MATERIAL TO PROCESS =
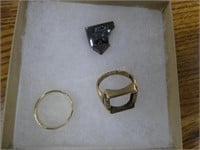 14 K gold band ring and damaged 10K ring shows wea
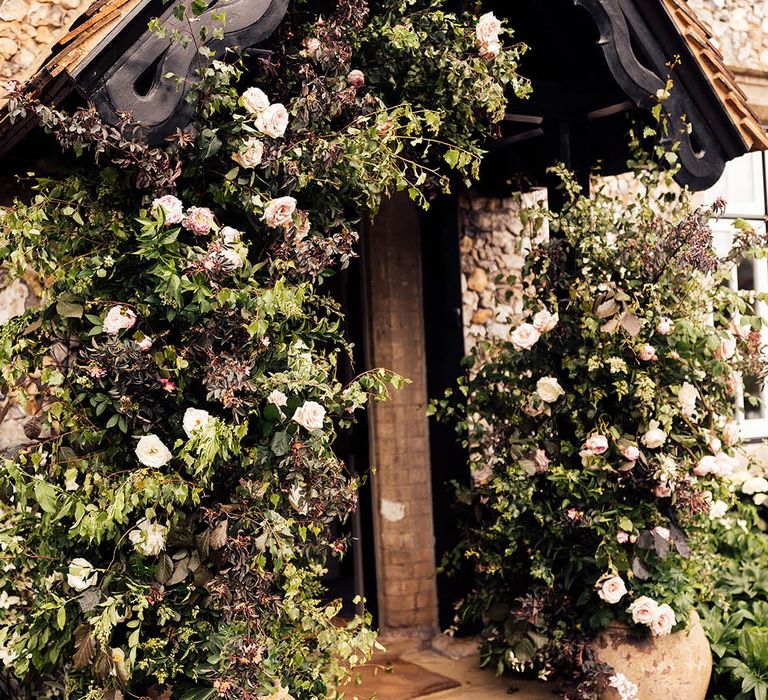 White and pink rose wedding flower columns 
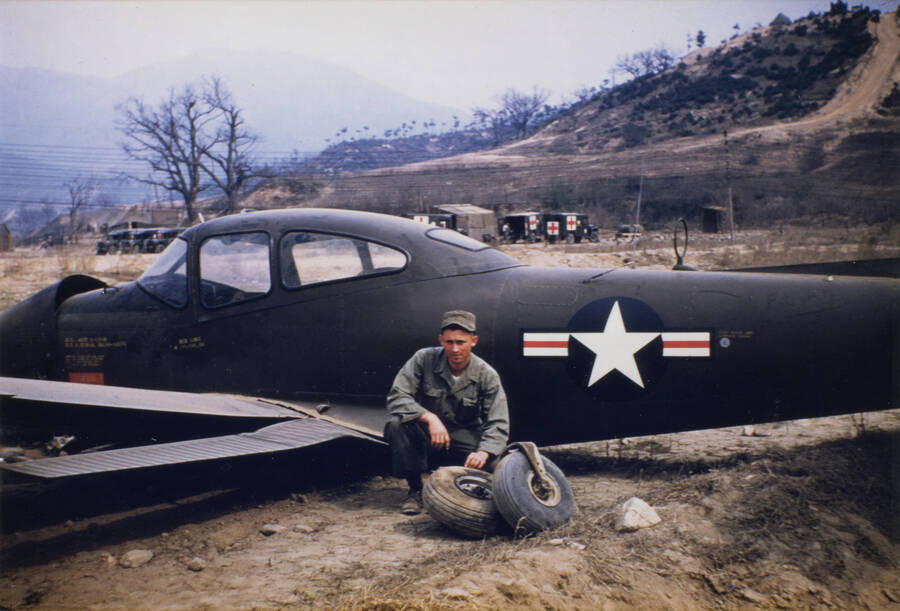 Norman Soncarty standing near plane wreck in Korea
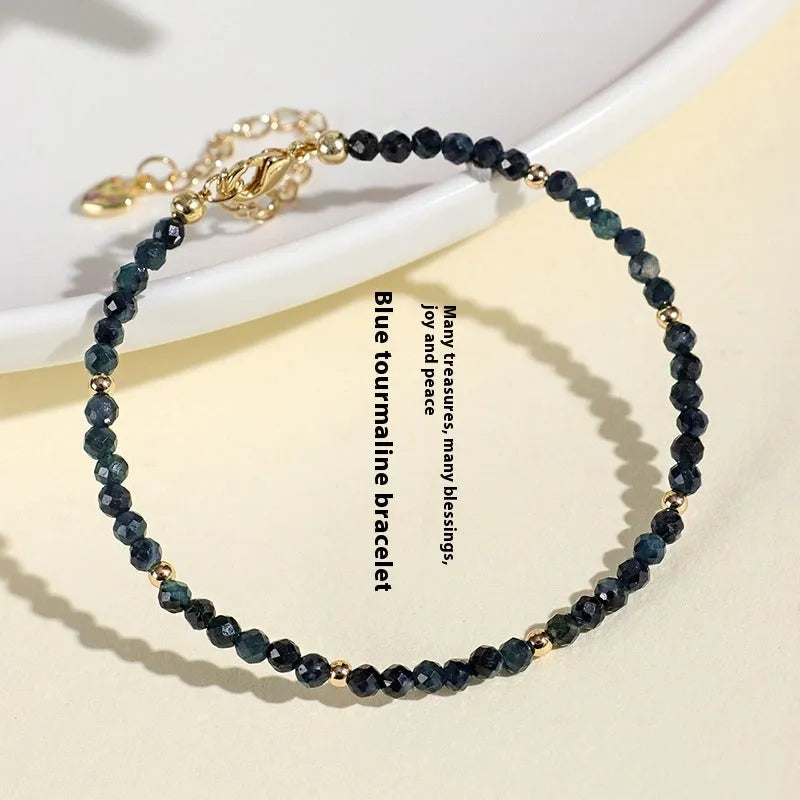 Blue tourmaline beaded bracelet with spacer beads on wrist showing 3mm gemstone size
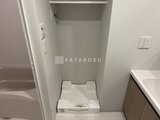 ブランシエスタ品川大井町パークエッジ 洗濯機置きスペースと白を基調とした浴室の様子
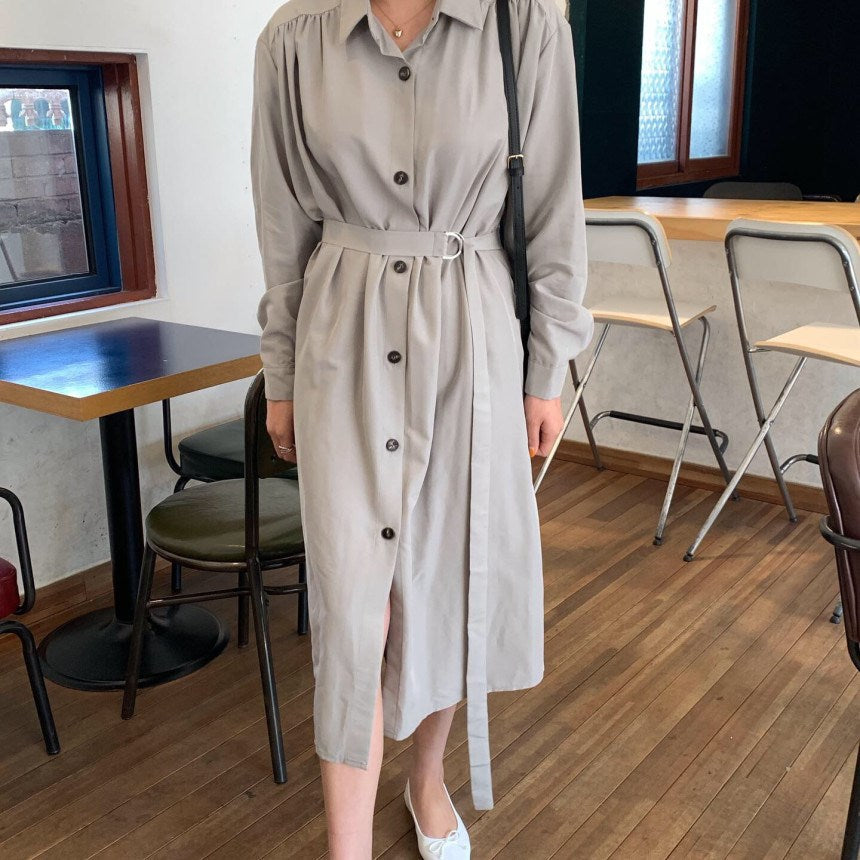 Woman wearing a long gray button-down dress with a belt and white flats, standing in a cafe.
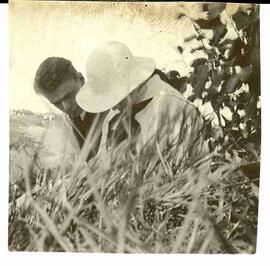 John Diefenbaker sitting in a field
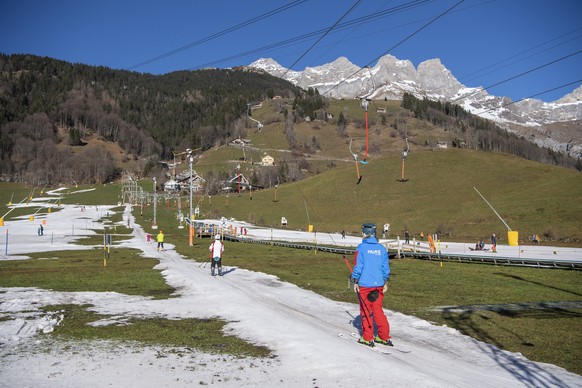 epa10394277 People enjoy themselves on a slope of artificial snow, in Engelberg, Switzerland, 07 January 2023. The Swiss alps are confronted with a lack of snow and warm temperatures. EPA/URS FLUEELER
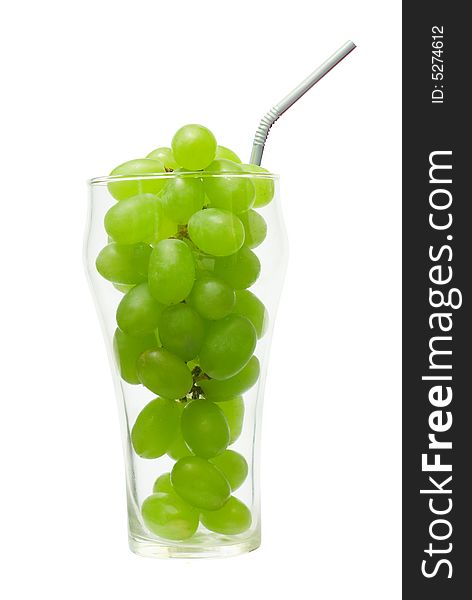 Grape in the glass with straw isolated on white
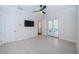 Bright bedroom with recessed lights, and double doors leading to a balcony for outdoor enjoyment at 147 Bay Point Ne Dr, St Petersburg, FL 33704
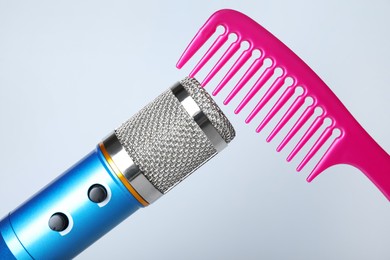 Photo of Making ASMR sounds with microphone and comb on grey background, closeup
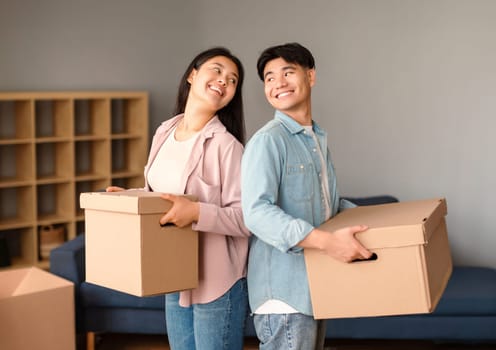 Asian Spouses Posing With Boxes Holding Belongings Moving in Home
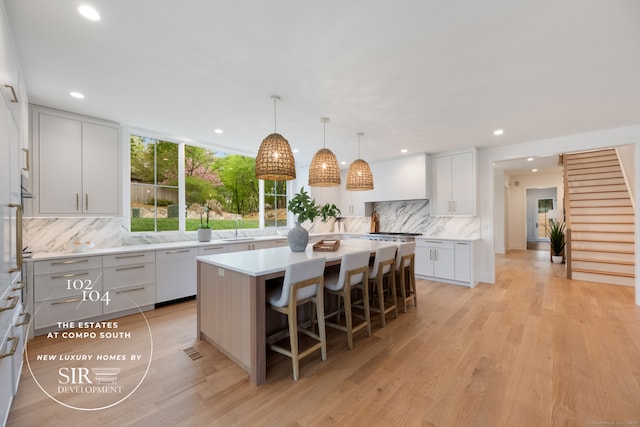 104 Compo Rd S, Westport, CT 06880 - kitchen with light countertops, a center island, recessed lighting, and decorative backsplash
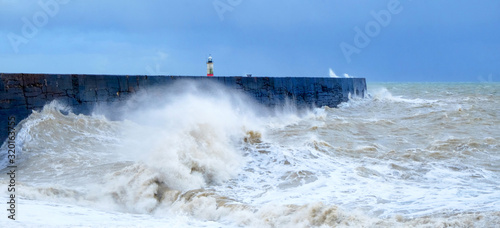 A harbour wall with a rough sea crashing against it and a lighthouse in the background, Newhaven harbour, Sussex, England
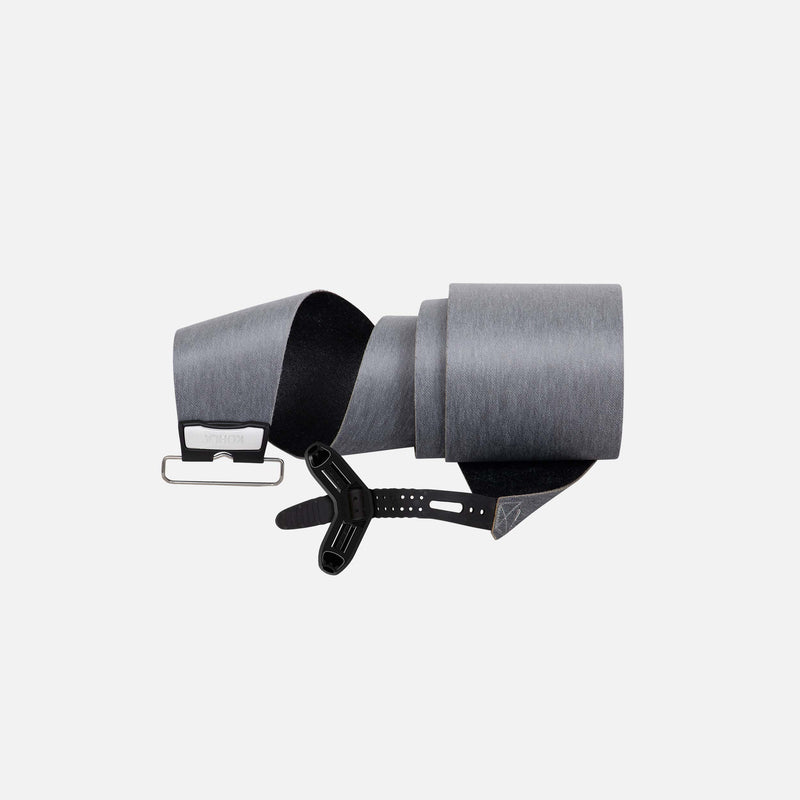 Rolled up United Shapes Covert pre-cut splitboard skins, on a grey background.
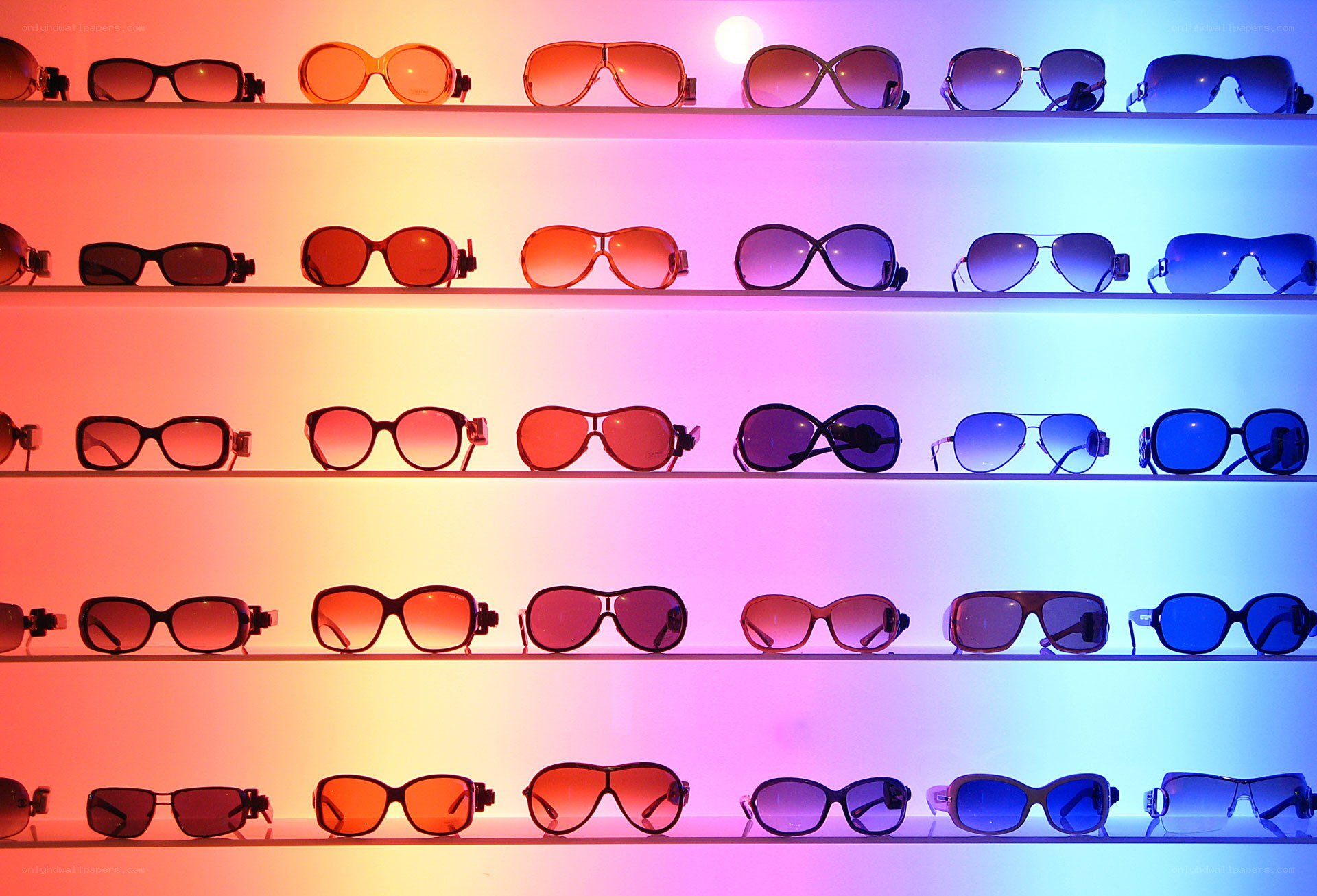 sunglasses display in colorful light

YOUR GOAL =
The result should be a verbatim copy of the data, free of pictures.

EXERCISE RESPONSE =
 14 K gold band ring and damaged 10K ring shows wea
 White and pink rose wedding flower columns 
 Norman Soncarty standing near plane wreck in Korea
 Blue tourmaline beaded bracelet with spacer beads on wrist showing 3mm gemstone size
 ブランシエスタ品川大井町パークエッジ 洗濯機置きスペースと白を基調とした浴室の様子
 Woman wearing a long gray button-down dress with a belt and white flats, standing in a cafe.
 John Diefenbaker sitting in a field
 epa10394277 People enjoy themselves on a slope of artificial snow, in Engelberg, Switzerland, 07 January 2023. The Swiss alps are confronted with a lack of snow and warm temperatures. EPA/URS FLUEELER
 Grape in the glass with straw isolated on white
 Bright bedroom with recessed lights, and double doors leading to a balcony for outdoor enjoyment at 147 Bay Point Ne Dr, St Petersburg, FL 33704
 Photo of Making ASMR sounds with microphone and comb on grey background, closeup
 Asian Spouses Posing With Boxes Holding Belongings Moving in Home
 104 Compo Rd S, Westport, CT 06880 - kitchen with light countertops, a center island, recessed lighting, and decorative backsplash
 A harbour wall with a rough sea crashing against it and a lighthouse in the background, Newhaven harbour, Sussex, England
 Rolled up United Shapes Covert pre-cut splitboard skins, on a grey background.
 sunglasses display in colorful light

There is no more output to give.